Prehistoric stones are often associated with fertility rites and one of the stones from Mouselow contains a phallic symbol of Roman style. Others contain Celtic ‘roses’ and the letter ‘A’ which may have formed part of an inscription of dedication to a deity, perhaps ‘Anu’ or ‘Arnemetia’, the Celtic goddess who presided over the thermal springs at Buxton. A number of stones contain symbols grouped like a domino that connect them with a woman or women whose graves they may have originally marked.
The most mysterious stone in the Mouselow collection, and possibly the earliest in date, tapers towards one end and reveals its secrets only when placed upright and cross-lit. Then, what appears to be a pattern of lozenges is transformed into the figure of a woman wearing a distinctive tartan garment and with her hair drawn up into a bun. According to experts the nearest archaeological comparison is found in Bronze Age Denmark. If correct, this stone is truly Celtic and was carved by the people who buried their dead on Mouselow Hill long before the arrival of the Romans.

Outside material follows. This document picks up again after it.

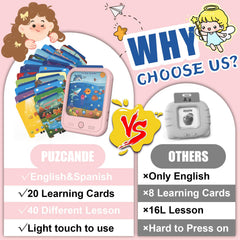 Puzcande tablet makes a thoughtful gift for boys and girls.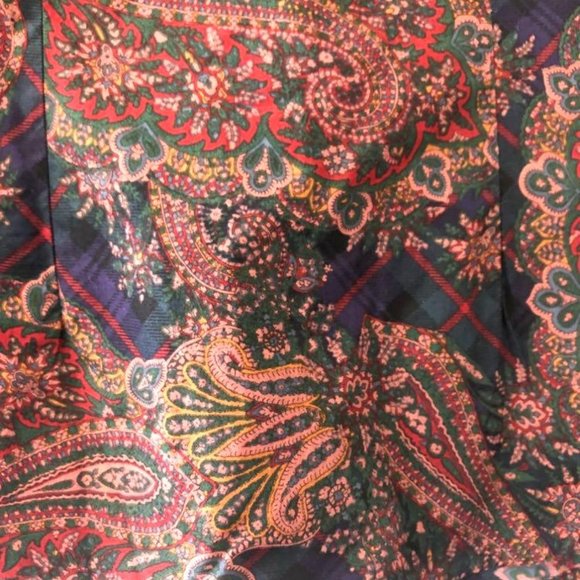 Chaps Ralph Lauren Paisley shirt - Picture 3 of 6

Movement of sacred stones and their handling by people from outside the tradition which created them, has always been surrounded by strong taboos in folklore. Also typically Celtic is the existence of ‘guardians’ who preserve sacred stones and charms, which in parts of Scotland and Ireland have been passed down through generations of families. It appears that in this part of the Peak District, centuries after the arrival of Christianity, there are still some who continue to follow ‘the old ways.’ They continue their respect for sacred places and certain stones which have special powers, and questions from outsiders will always remain unwelcome.